# Provided data
_ _ _ _
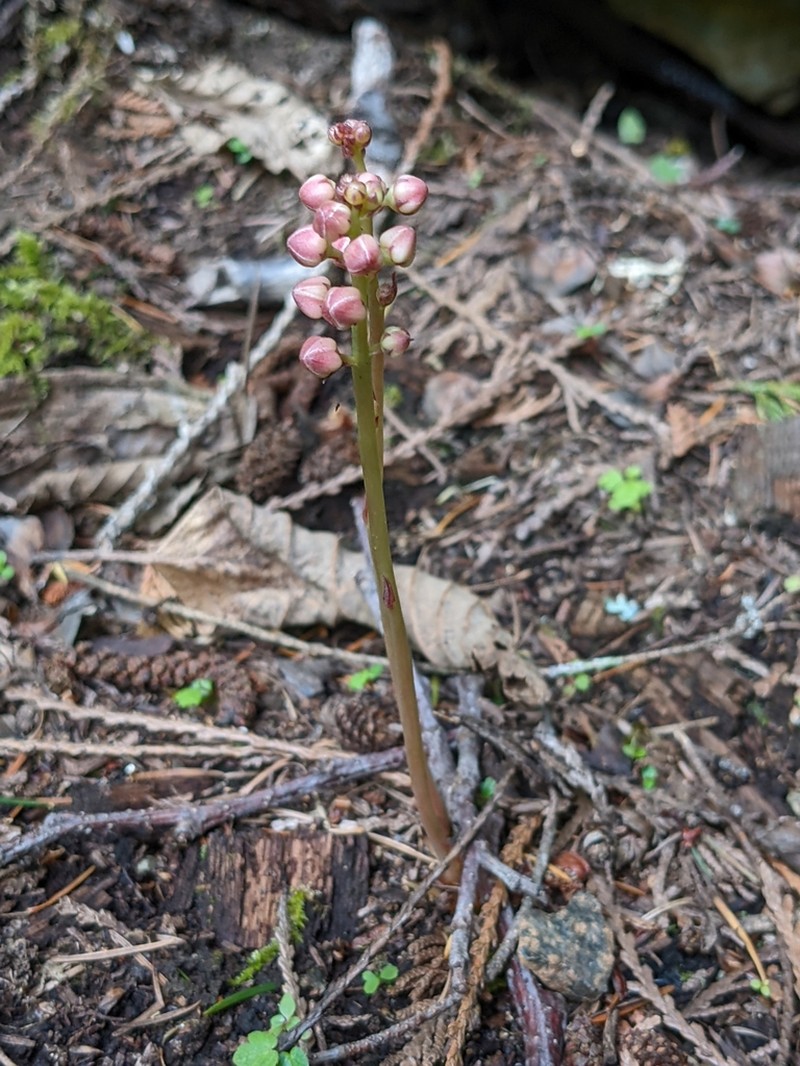 Pyrola aphylla photo 4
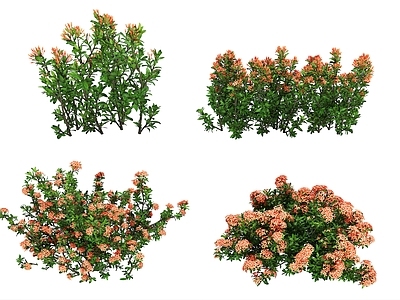 其他绿植 现代龙船花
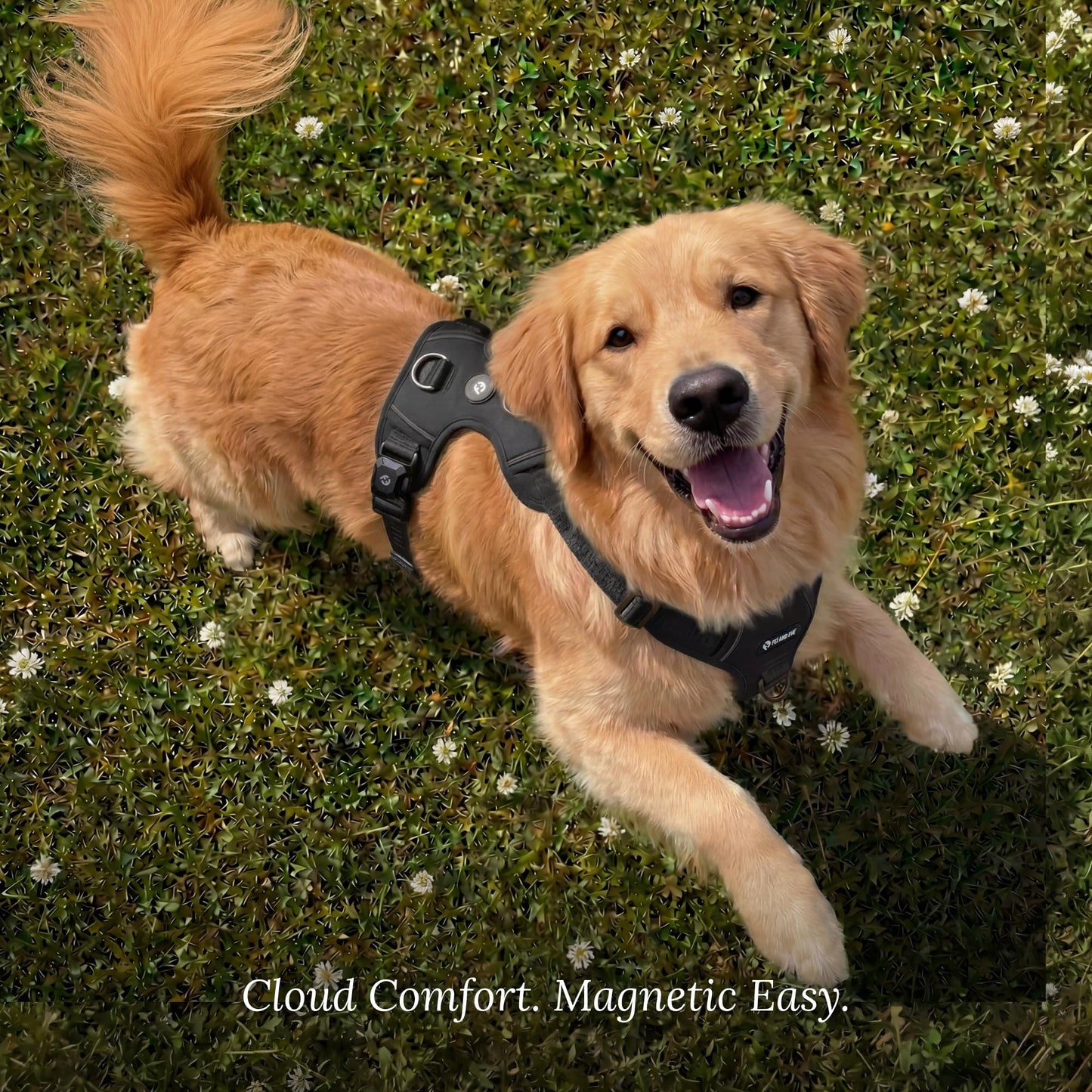 Cloud Comfort Dog Harness for Medium & Large Dogs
_ _ _ _
# Brief
Without the pictures, write out the whole listing exactly as it appears.

# Answer to this exercise
 Pyrola aphylla photo 4
 其他绿植 现代龙船花
 Cloud Comfort Dog Harness for Medium & Large Dogs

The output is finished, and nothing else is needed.